**DESCRIPTION OF THE TASK:**
Emit the data below verbatim, stripping out any pictures.

**INFORMATION SUPPLIED:**

┄┄┄┄┄┄┄┄┄┄

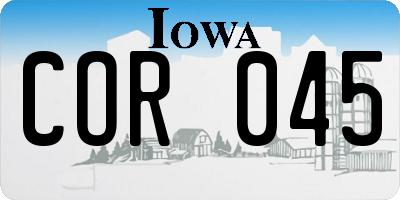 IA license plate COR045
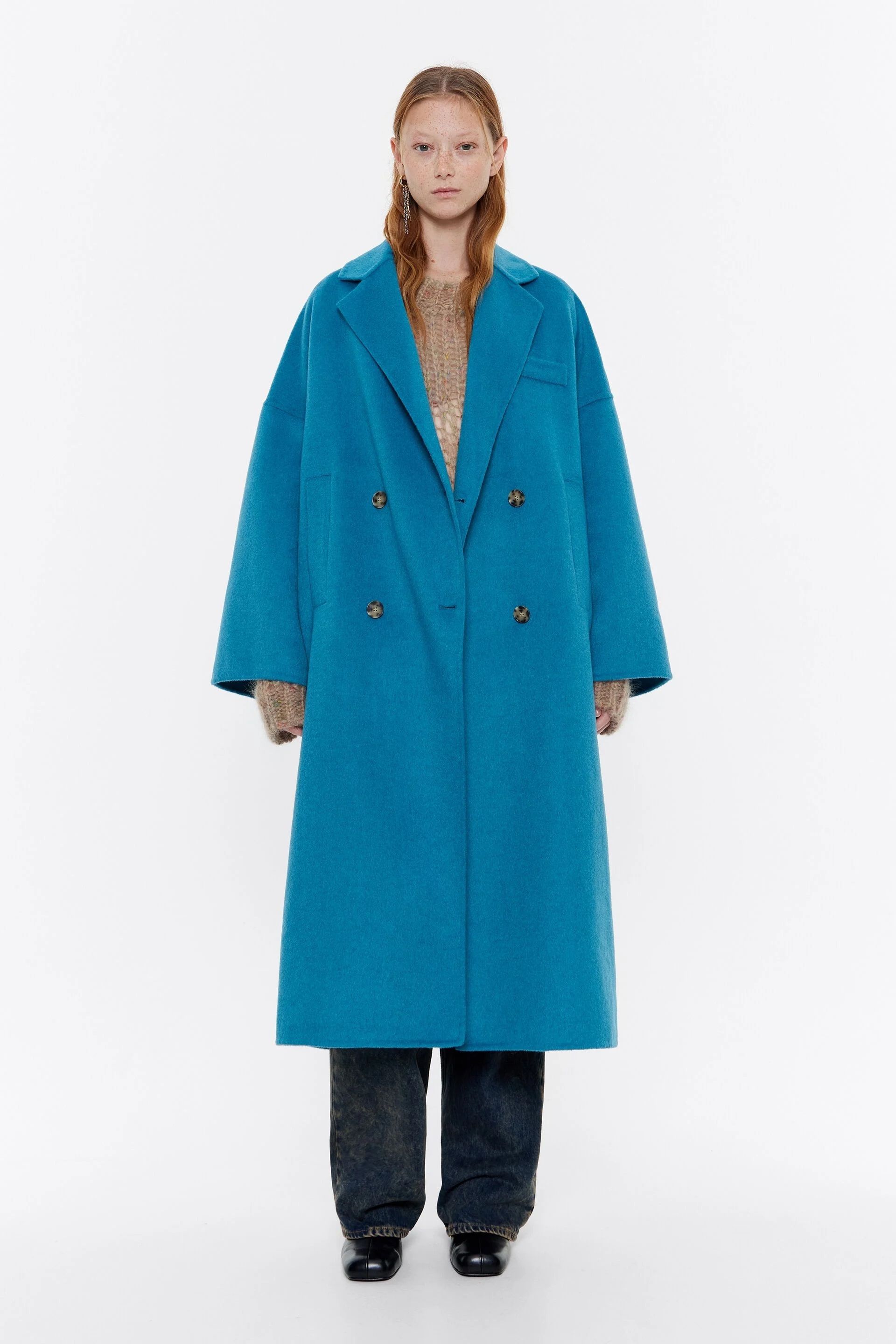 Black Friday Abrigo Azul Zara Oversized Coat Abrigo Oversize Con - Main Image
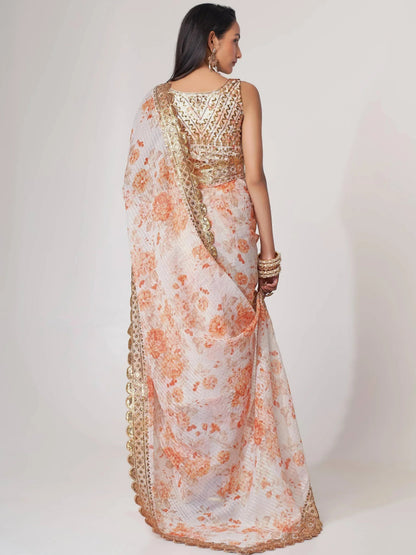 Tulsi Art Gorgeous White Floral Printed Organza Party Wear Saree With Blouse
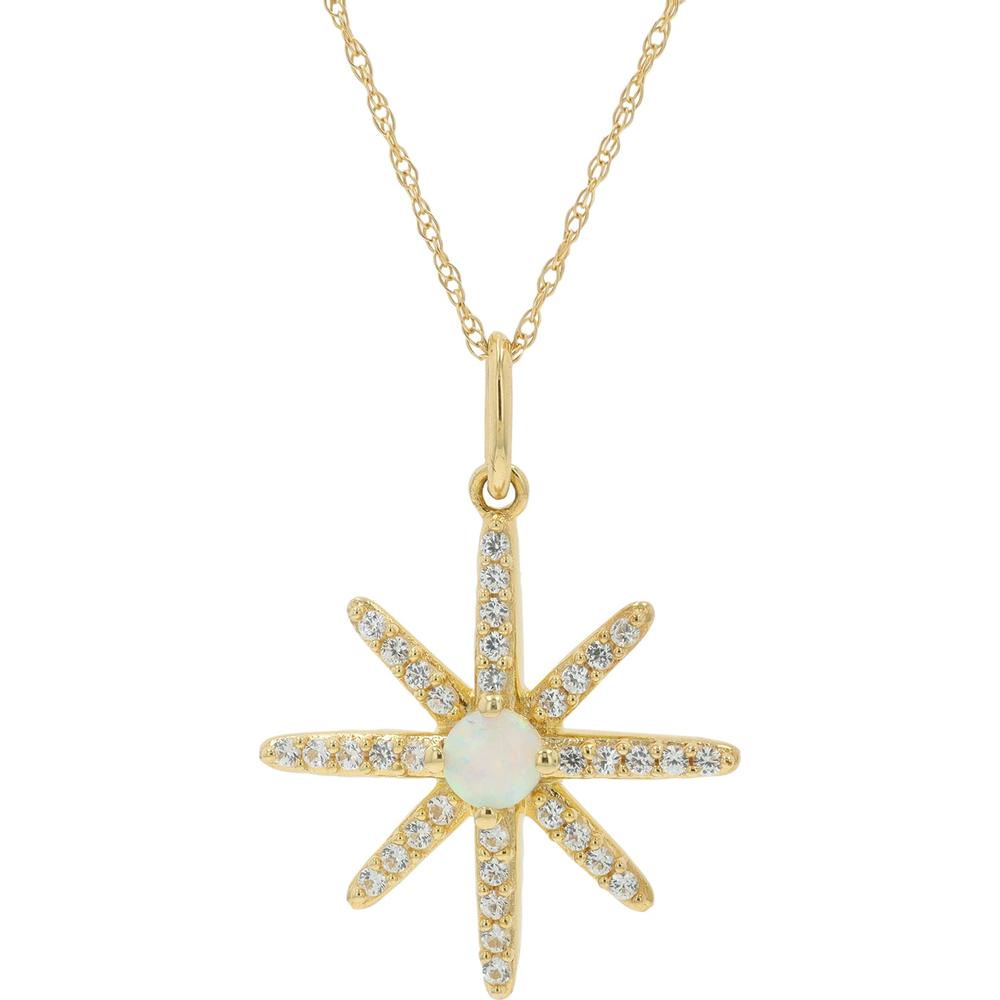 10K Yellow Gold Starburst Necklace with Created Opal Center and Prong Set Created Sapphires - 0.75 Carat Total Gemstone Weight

┄┄┄┄┄┄┄┄┄┄

**SOLUTION FOR THIS EXERCISE:**
 IA license plate COR045
 Black Friday Abrigo Azul Zara Oversized Coat Abrigo Oversize Con - Main Image
 Tulsi Art Gorgeous White Floral Printed Organza Party Wear Saree With Blouse
 10K Yellow Gold Starburst Necklace with Created Opal Center and Prong Set Created Sapphires - 0.75 Carat Total Gemstone Weight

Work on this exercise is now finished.